メニュー

しもやけ

しもやけ

しもやけは、寒さによって手足などの末梢血管が収縮し、血行が悪くなることで起こる炎症性の皮膚疾患です。医学的には凍瘡(とうそう)と呼ばれます。特に、気温が低く、湿度が高い環境で起こりやすく、寒暖差が激しい時期に症状が出やすいのが特徴です。お子さんによく見られますが、大人でも体質や生活習慣によっては発症することがあります。

しもやけは、かゆみや痛み、腫れを伴い、ひどい場合には水ぶくれができることもあります。症状が悪化すると、日常生活に支障をきたすこともあるため、早めの対策が大切です。青木こどもクリニックでは、お子さんのしもやけの治療はもちろん、生活指導や予防法についても丁寧にアドバイスいたします。

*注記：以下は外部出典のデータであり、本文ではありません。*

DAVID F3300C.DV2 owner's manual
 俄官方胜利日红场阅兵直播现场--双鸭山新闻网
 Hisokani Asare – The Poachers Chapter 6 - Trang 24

気になる症状があれば、お気軽にご相談ください。

しもやけの原因

しもやけの主な原因は、寒さによる血行不良です。気温が低い環境に長時間さらされると、血管が収縮して血流が悪くなり、皮膚組織への酸素や栄養の供給が滞ります。特に、手足の指先や耳など、体の末端部分は血管が細く、血行が悪くなりやすいため、しもやけができやすい部位です。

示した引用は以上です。